» YOUR ASSIGNMENT: For this exercise, repeat exactly the lines below starting at the line holding "2025 Summer New" and ending at the line holding "Robe t-shirt manches courtes coton ecru femme", both included, with no extra lines and no pictures.

» MATERIAL PROVIDED:
============

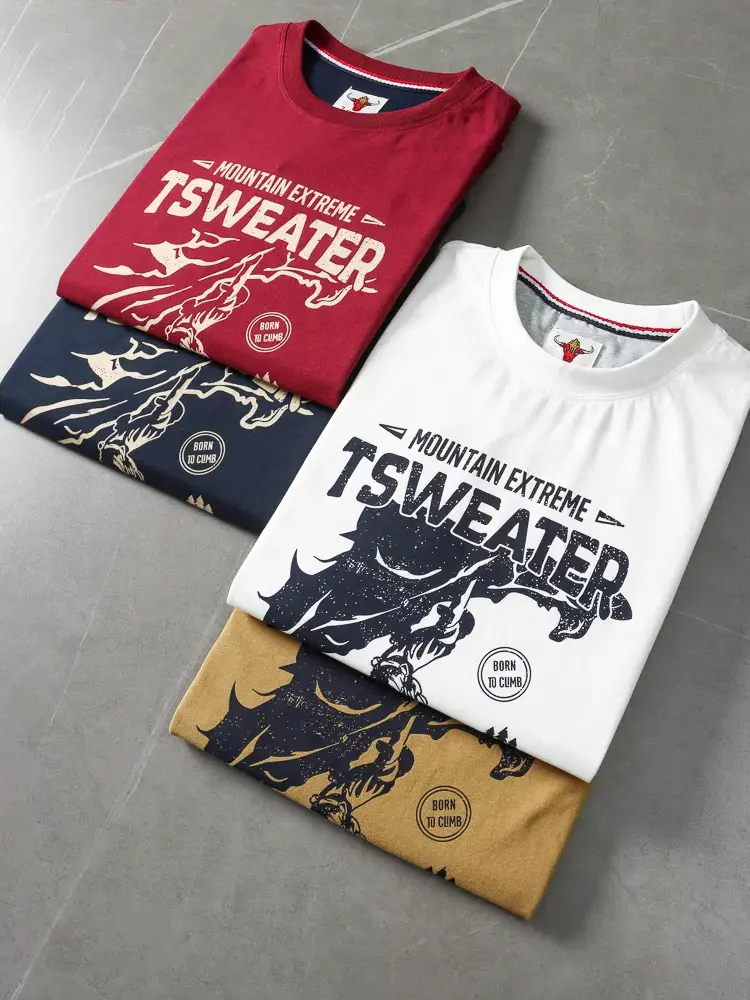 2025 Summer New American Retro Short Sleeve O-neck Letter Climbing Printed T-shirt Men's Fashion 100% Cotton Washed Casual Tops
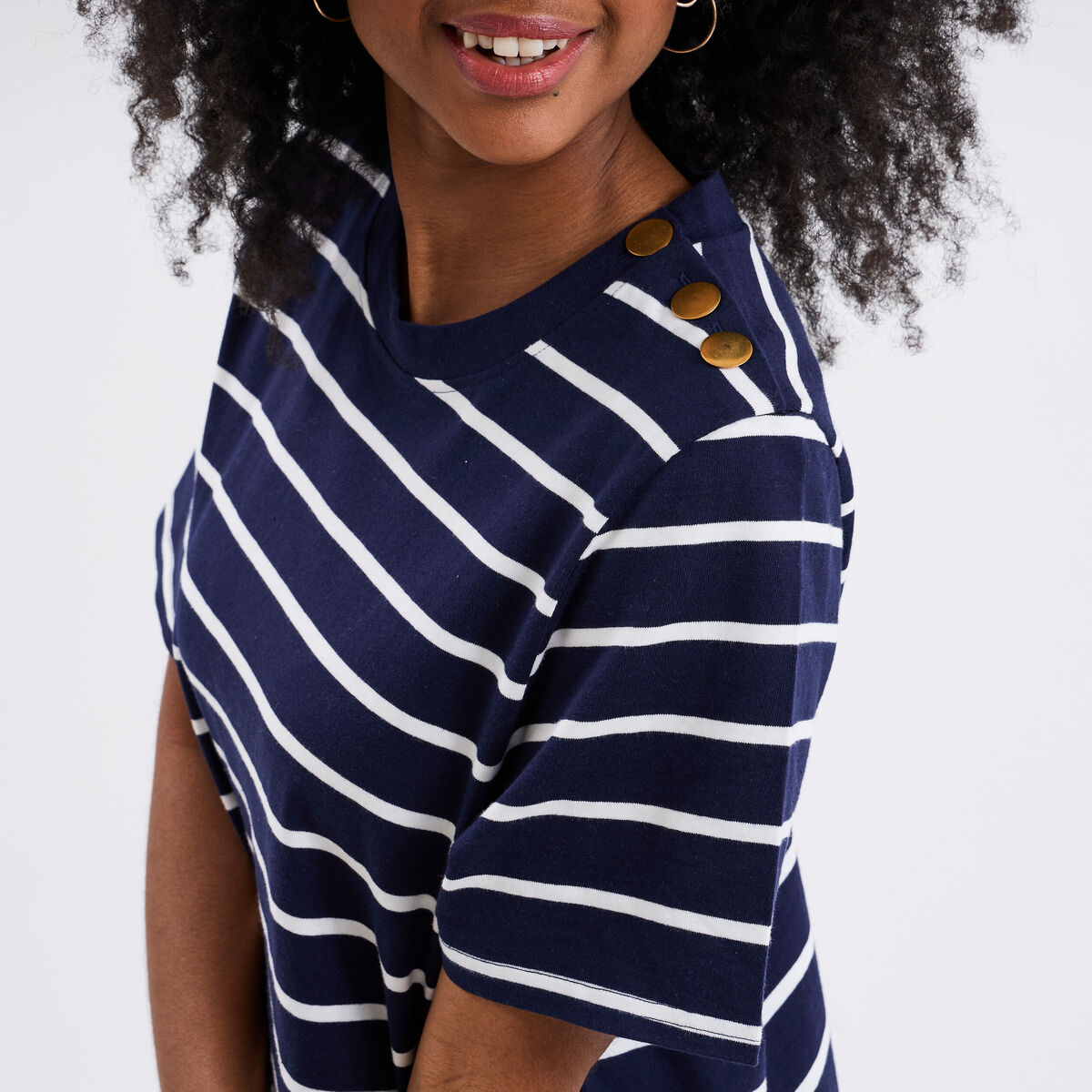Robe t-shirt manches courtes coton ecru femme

============

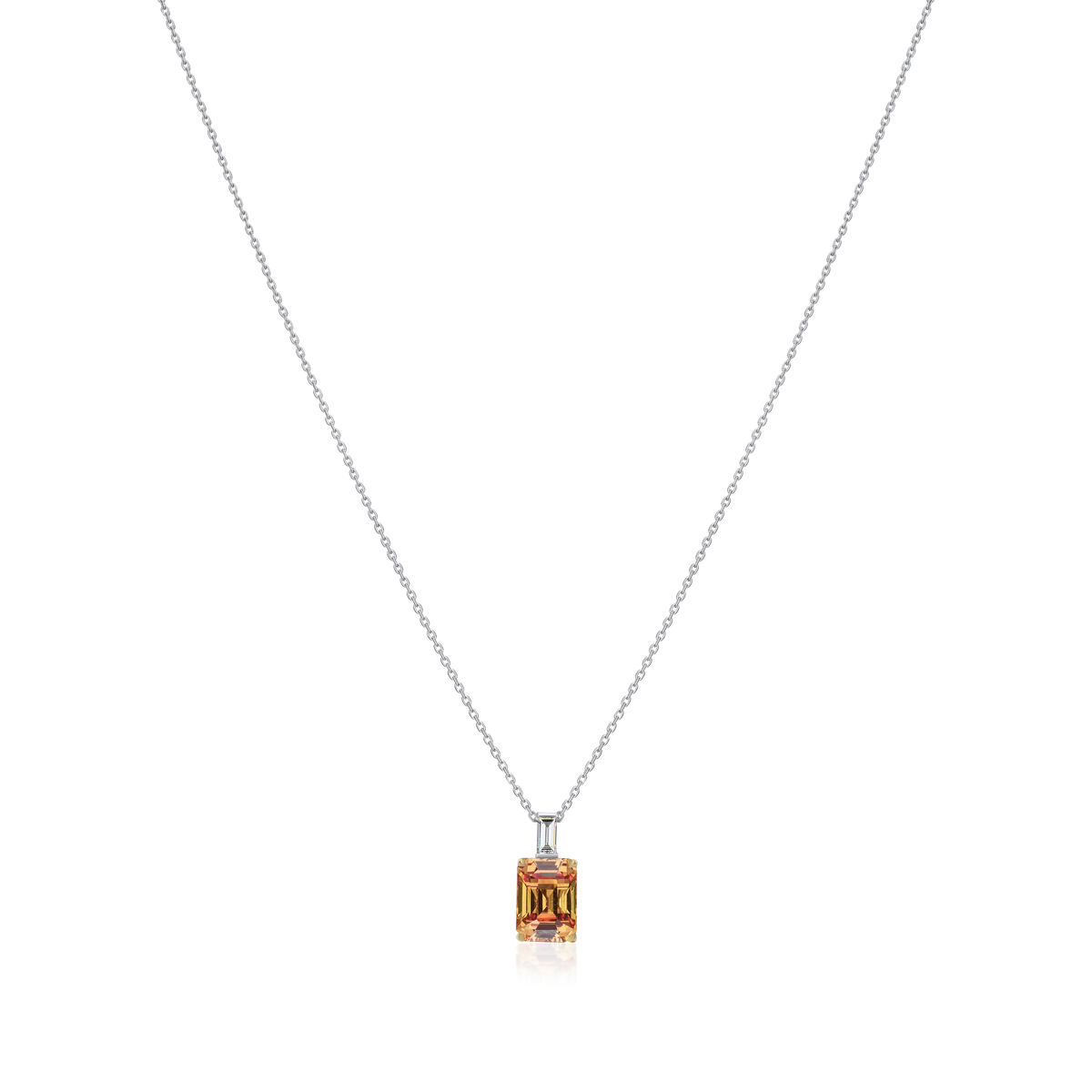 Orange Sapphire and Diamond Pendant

============

» PROBLEM SOLUTION:
 2025 Summer New American Retro Short Sleeve O-neck Letter Climbing Printed T-shirt Men's Fashion 100% Cotton Washed Casual Tops
Robe t-shirt manches courtes coton ecru femme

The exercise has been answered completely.